George Somers

No. 19
- Positions: Offensive tackle, Placekicker

Personal information
- Born: October 5, 1915 Fountain Springs, Pennsylvania, U.S.
- Died: January 12, 1964 (aged 48) Pottsville, Pennsylvania, U.S.
- Listed height: 6 ft 2 in (1.88 m)
- Listed weight: 253 lb (115 kg)

Career information
- High school: St. Clair (St. Clair, Pennsylvania)
- College: La Salle (1935-1938)
- NFL draft: 1939: 8th round, 64th overall pick

Career history
- Philadelphia Eagles (1939–1940); Pittsburgh Steelers (1941–1942);

Awards and highlights
- First-team Little All-American (1938);

Career NFL statistics
- Field goals: 2/12
- Field goal %: 16.7
- Extra points: 2/2
- Extra point %: 100
- Stats at Pro Football Reference

= George Somers (American football) =

American football player (1915–1964)

George Anthony Somers (October 5, 1915 – January 12, 1964) was an American professional football offensive tackle and kicker. He is one of only two La Salle Explorers to enter the National Football League (NFL) and the only one selected in the NFL draft.
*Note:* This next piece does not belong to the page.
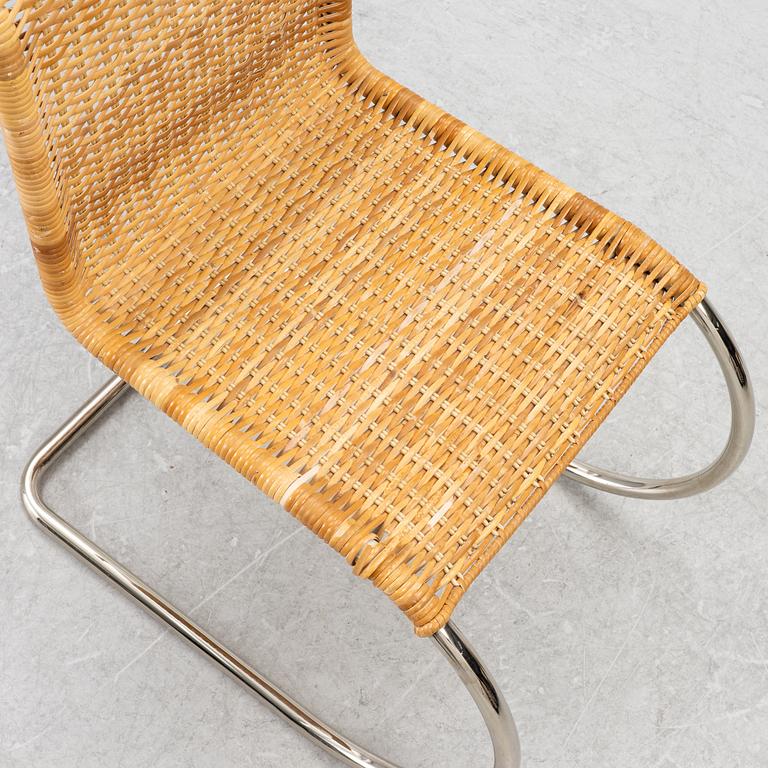 Ludwig Mies van der Rohe, An "MR10" chair, Tecta.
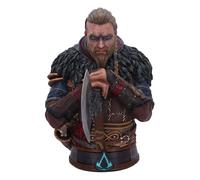 Nemesis Now Buste sous Licence Officielle Assassin's Creed Valhalla Eivor, Multicolore, 32 cm, résine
Before playing for the Philadelphia Eagles and Pittsburgh Steelers, Somers was a star at La Salle University – captaining the 1938 team. Somers also received the Maxwell Club Award as best tackle in district, Associated Press (AP) and Collier's Little All-America tackle in 1938, AP All-Pennsylvania, and AP All-Eastern Honorable Mention.